Millions of drivers are hit with extra charges for their car insurance because they pay for it monthly rather than annually.
Most people don't have any choice but to split their annual quoted premium into 12 separate monthly payments - even though they will be charged a premium for doing so.
This is especially the case in the aftermath of a costly Christmas when finding a hefty lump sum can often prove impossible.

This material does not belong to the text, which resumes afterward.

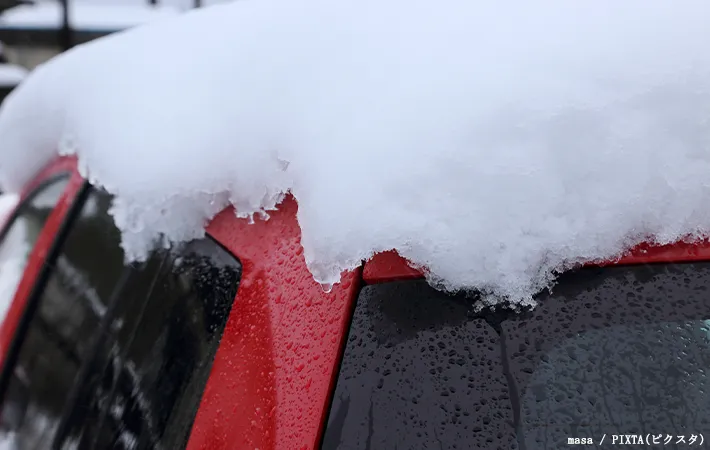 雪が載った車の屋根の画像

Here, we take a look at exactly how much extra paying monthly rather than annually can set you back, and how you can fight back... .
The true cost of monthly payments
Some insurers add up to 10.75% onto the quoted premium for the privilege of paying monthly, according to research carried out by MoneySupermarketBut savvy motorists who compare policies can avoid these increased costs and find a deal that won't break the bank.
For example, the same research showed that - in return for a little shopping around - motorists can reduce any 'extra' they are charged for a pay-monthly option down to just 5.34%.
Pete Harrison, car insurance expert at MoneySupermarket said: "Running a car is expensive enough with the rising costs of fuel, so being able to pay your insurance in more manageable monthly instalments is a useful way of helping affordability.
"However, it's crucial to make sure you're aware of the additional costs involved in doing this. Motorists should scour the whole market to ensure they find the most reasonably priced deal."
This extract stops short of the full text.